I am a world-class procrastinator.
Yeah, I know, *GASP*
But honestly, between Facebook and DVR and Netflix… I’m so easily distracted by it all. Write for a few minutes – notice flashing “Soandso messaged you…” in the Chrome tab. Alt-Tab back to browser. Chat with Soandso for a few minutes. Back to writing. Oh wait – its too quiet in here. Turn on the new episode of Chopped (or what have you) as background noise. End up watching most of it. *sigh*
But the shinies are not the only things that distract me, no. My attention also gets captured by intangibles. Lately, all this waiting for news on “Inferno” has me beside myself with anxiety. I want to both FINISH “Inferno” immediately, just in case, or not touch it in case they have notes for it. I am also stressed about money and school and an up-coming summer move (which requires a lot of money at a time when we have none) and so all I can think about is all the potentially immediately lucrative smut I should be publishing just to pay the bills.

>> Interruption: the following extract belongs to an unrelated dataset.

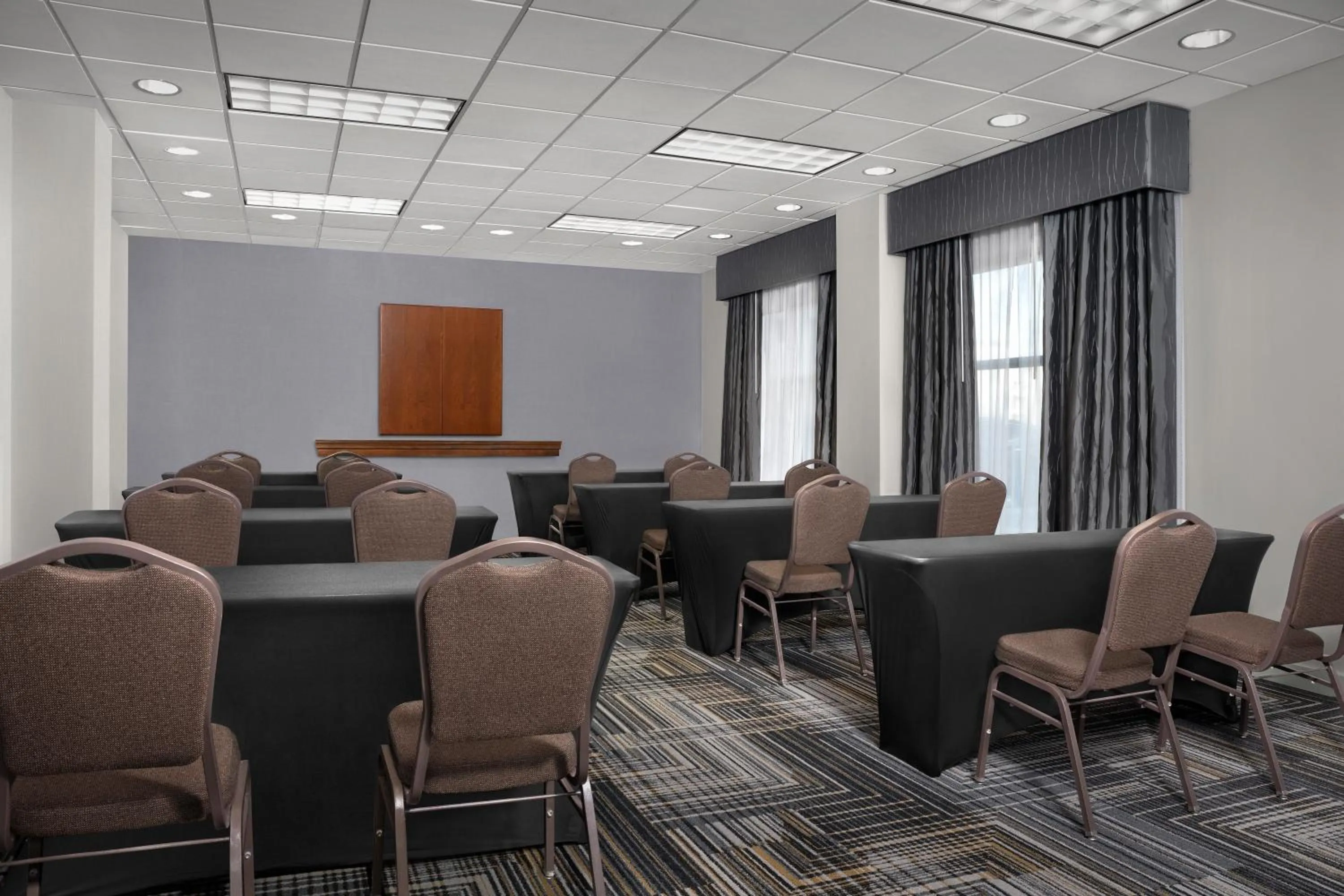 Meeting/conference room in Homewood Suites by Hilton Omaha - Downtown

And so I end up in a tizzy, vacillating back and forth, and don’t end up writing much of anything at all.
Which brings me to today. I have such beautiful intentions of writing today, but already I’m distracted by Facebook (which I closed!) and DVR (Longmire, which is almost over!) and Jack (with whom I’m collaborating).
I think I need to really start zeroing out everything that’s not conducive to writing. Imposing a 15-minute limit on my Facebook adventures. Imposing a “TV-only-during work hours” rule. And forcing myself to waste less time every day.
I’ve got a billion stories to write and only a finite time on this Earth.
Damn it, Penelope! As Nike used to say, JUST DO IT!